Now, I said there are two cases to consider.

1) Both Legendre symbols are 1.

2) Both Legendre symbols are -1.

I shall do case #1 and leave case #2 for you to do.

Throughout this derivation you are expected to know the basic properties of the Legendre symbol.

----

So in case #1 we require that (2/p)=1 and (7/p)=1.

Note, by theorem, (2/p)=1 for p=1,7(mod 8).
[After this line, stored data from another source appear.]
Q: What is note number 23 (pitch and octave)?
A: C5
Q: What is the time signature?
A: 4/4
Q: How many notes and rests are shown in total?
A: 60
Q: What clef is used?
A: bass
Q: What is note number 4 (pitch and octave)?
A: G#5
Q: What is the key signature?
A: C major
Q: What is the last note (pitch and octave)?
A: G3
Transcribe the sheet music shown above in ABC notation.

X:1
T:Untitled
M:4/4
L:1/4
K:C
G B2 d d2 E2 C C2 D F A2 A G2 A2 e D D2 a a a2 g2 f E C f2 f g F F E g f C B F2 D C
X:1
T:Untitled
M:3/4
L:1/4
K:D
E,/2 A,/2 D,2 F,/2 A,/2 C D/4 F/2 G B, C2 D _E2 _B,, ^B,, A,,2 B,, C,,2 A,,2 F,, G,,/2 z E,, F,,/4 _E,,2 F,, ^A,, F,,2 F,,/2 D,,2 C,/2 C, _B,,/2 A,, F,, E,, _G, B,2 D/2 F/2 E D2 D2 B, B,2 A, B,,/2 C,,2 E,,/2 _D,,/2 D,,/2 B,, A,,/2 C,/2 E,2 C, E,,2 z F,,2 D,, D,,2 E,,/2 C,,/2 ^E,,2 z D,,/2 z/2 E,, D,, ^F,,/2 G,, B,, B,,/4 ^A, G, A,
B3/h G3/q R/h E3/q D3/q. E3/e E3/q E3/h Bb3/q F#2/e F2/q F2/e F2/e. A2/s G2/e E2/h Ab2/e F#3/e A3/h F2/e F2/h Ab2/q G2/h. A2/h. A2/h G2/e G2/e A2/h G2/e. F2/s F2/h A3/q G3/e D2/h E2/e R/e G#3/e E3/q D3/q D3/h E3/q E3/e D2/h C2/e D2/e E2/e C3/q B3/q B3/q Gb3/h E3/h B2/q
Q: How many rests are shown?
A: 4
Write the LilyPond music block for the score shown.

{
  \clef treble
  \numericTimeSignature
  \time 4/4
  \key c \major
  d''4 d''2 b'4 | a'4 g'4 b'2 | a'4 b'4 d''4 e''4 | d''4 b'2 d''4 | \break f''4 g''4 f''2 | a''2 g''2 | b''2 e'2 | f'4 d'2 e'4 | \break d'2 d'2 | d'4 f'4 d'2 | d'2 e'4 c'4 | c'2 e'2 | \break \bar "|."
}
Now, to do (7/p) we will rely on Quadradic Reciprocity.

Thus,

(7/p) = (p/7) if p=1(mod 4).

(7/p) = -(p/7) if p=3(mod 4).

Now let us do the first case first with p=1(mod 4).

Under modulo 7, p=1,2,3,4,5,6(mod 7)

Check each one:

(1/7)=1, (2/7)=1 , (3/7)=-1, (4/7)=1, (5/7)=-1, (6/7)=-1

This tells us that if p=1(mod 4).

Then p=1,2,4(mod 7).

And if p=3(mod 4).

Then p=3,5,6(mod 7).

Combining these under the same modulos since gcd(4,7)=1. With Chinese Remainder Theorem.

Thus, p= 1,3,9,19,25,27 (mod 28)

So if you multiply 8k+1,8k+7 with this out you get,

p=1,3,7,9,19,21,25,27,63,133,175,189(mod 224)

And this is**only**the first case.

The second case will produce more prime forms.